Dès qu’on aborde aux premières lignes du soliloque de la daronne, on est hameçonné et chaque contorsion d’aise ferre davantage le crochet dans la chair. Inutile de résister, mieux vaut laisser le débit filer et nager dans les eaux troubles des vies à la dérive. Patience Portefeux, la bonne mère naufragée, sait de quoi elle parle et où elle va dès lors où elle prend conscience que sa destinée de loser peut être corrigée avec de la chance, de l’audace, du calcul et de l’investissement personnel. Travaillant sur écoutes, la daronne traduit l’arabe des dealers et autres trafiquants pour le compte de la police. Arrive l’instant de la bascule, de l’opportunité à empoigner qui transformera Madame Portefeux en daronne. Il faut la saisir avec le chargement idoine. Après, elle devra mettre en place les réseaux alors que le terrain est miné par les caïds, les flics et tous les grains de sable en suspens au-dessus des rouages les mieux huilés.

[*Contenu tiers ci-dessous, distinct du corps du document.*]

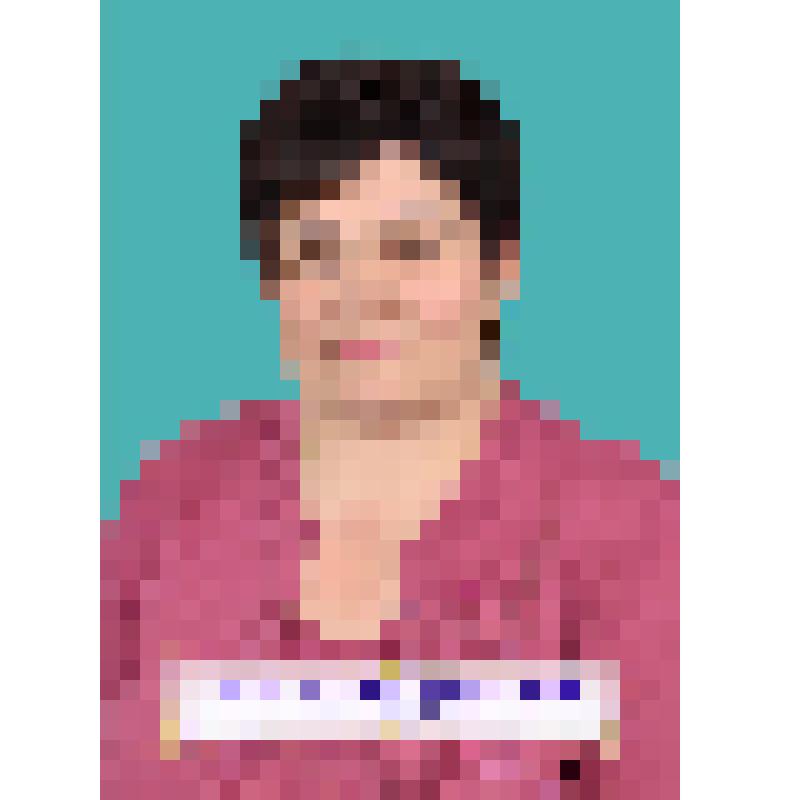 Фотопортрет Поповой Надежды Владимировны, медицинской сестры терапевтического отделения МБУЗ " ЦРБ" Заветинского района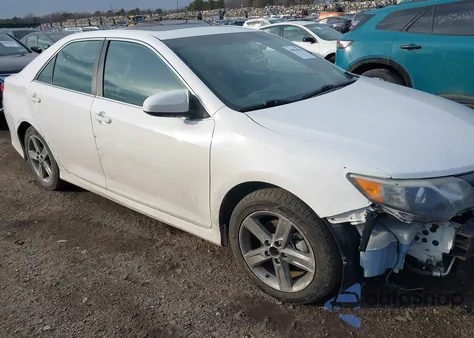2014 Toyota Camry Se z USA, uszkodzony, nr VIN 4T1BF1FK0EU428488
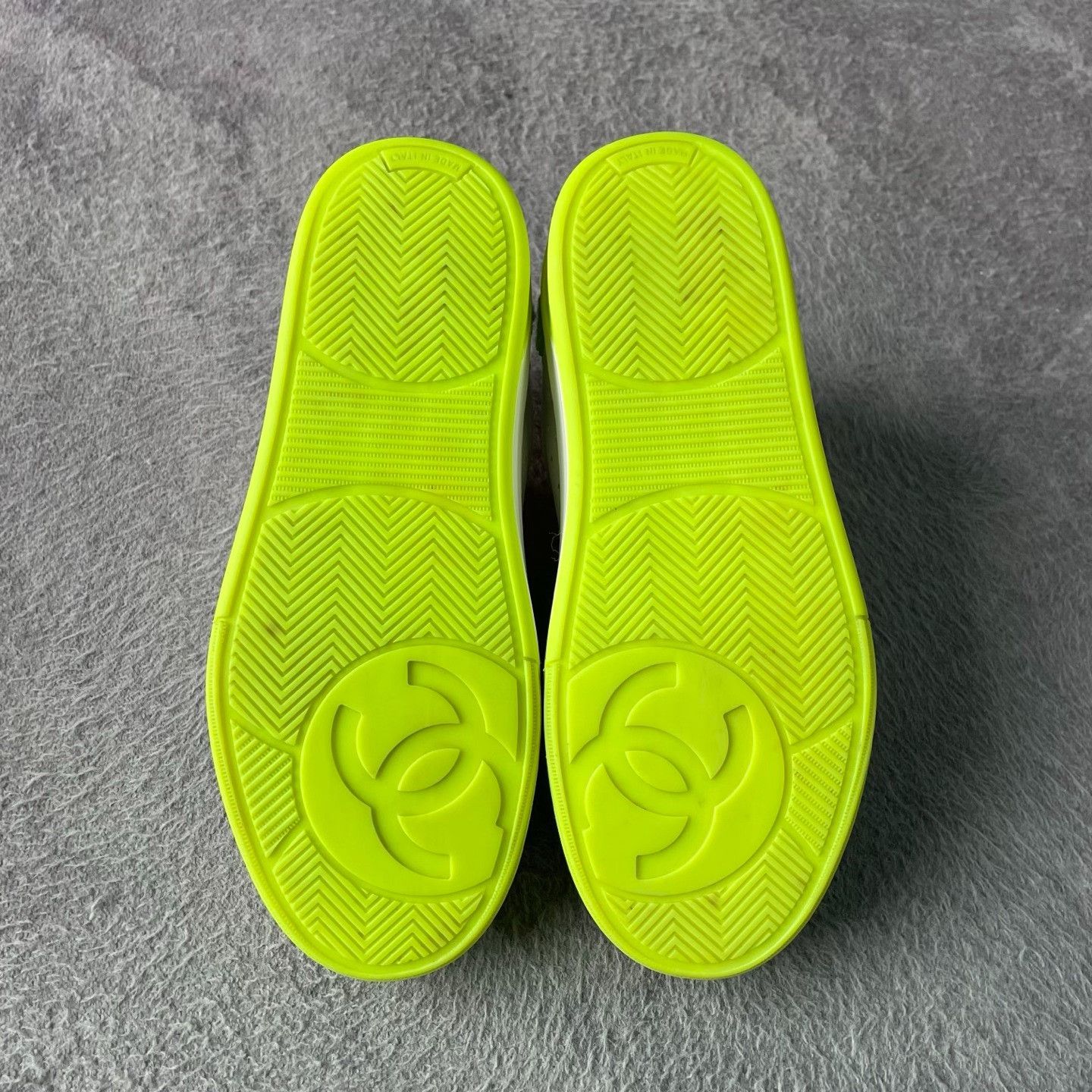 Chanel Chanel Yellow Lowtop Sneakers 36 Women Size US 6 / IT 36 - 4 Thumbnail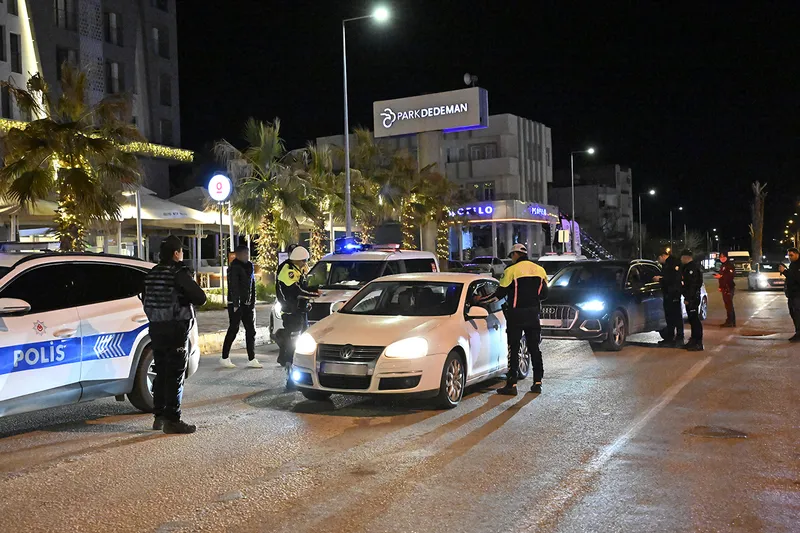 Adıyaman'da genel asayiş uygulamasında araması bulunan 4 şahıs yakalandı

Perdu dans une boîte à livres de la campagne lotoise, « La daronne » ne pouvait briller par son titre insignifiant, sa couverture terne, son auteur inconnu. La main fut pourtant heureuse car sitôt l’entame faite, l’intérêt du bouquin sautait aux yeux. Le style est accrocheur. Entre abattement, amoralité et abandon, l’humour s’y niche, la lumière s’y love, l’espoir s’immisce. L’auteur développe de la tendresse pour ses personnages, de l’empathie pour les invisibles. Des comparaisons surprennent et font réfléchir. Ainsi, quand le père de Patience a créé son entreprise de transport routier international vers les pays de « merde », ses chauffeurs devaient sortir d’au moins quinze ans de prison car il fallait « accepter de rester enfermé dans la cabine de son camion sur des milliers de kilomètres et défendre son chargement comme s’il s’agissait de sa vie ». Rares sont les auteurs qui abordent la fin de vie dans les EHPAD avec lucidité, compassion et verve. Les contacts entre la daronne et les dealers sont palpitants et désopilants, au corps défendant d’un système sociétal déliquescent. Malgré la noirceur du propos, les bonnes âmes courent toujours les ruelles malfamées. Hannelore Cayre est un écrivain remarquable.